Instructions for the task: Take the listing from its first line through the line that contains "Lucky Charm Vibes" and please retype those lines exactly, leaving out the pictures.

Data excerpt:
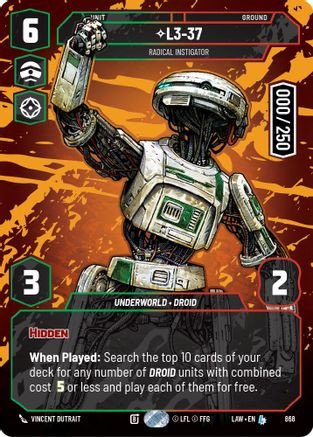 L3-37 - Radical Instigator (Serialized) (868) - A Lawless Time Foil、Fantasy Flight Games、kayou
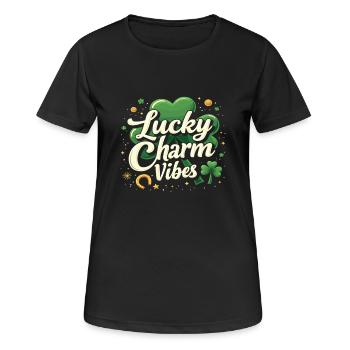 Lucky Charm Vibes Lucky Clover Lucky Positive - Women's Breathable T-Shirt - black - Front - AI Model Female 172 light (172cm)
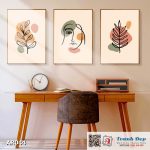 Bộ 3 tranh canvas decor phong cách minimalist, trừu tượng hiện đại - AR044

Solution for this problem:
 L3-37 - Radical Instigator (Serialized) (868) - A Lawless Time Foil、Fantasy Flight Games、kayou
 Lucky Charm Vibes Lucky Clover Lucky Positive - Women's Breathable T-Shirt - black - Front - AI Model Female 172 light (172cm)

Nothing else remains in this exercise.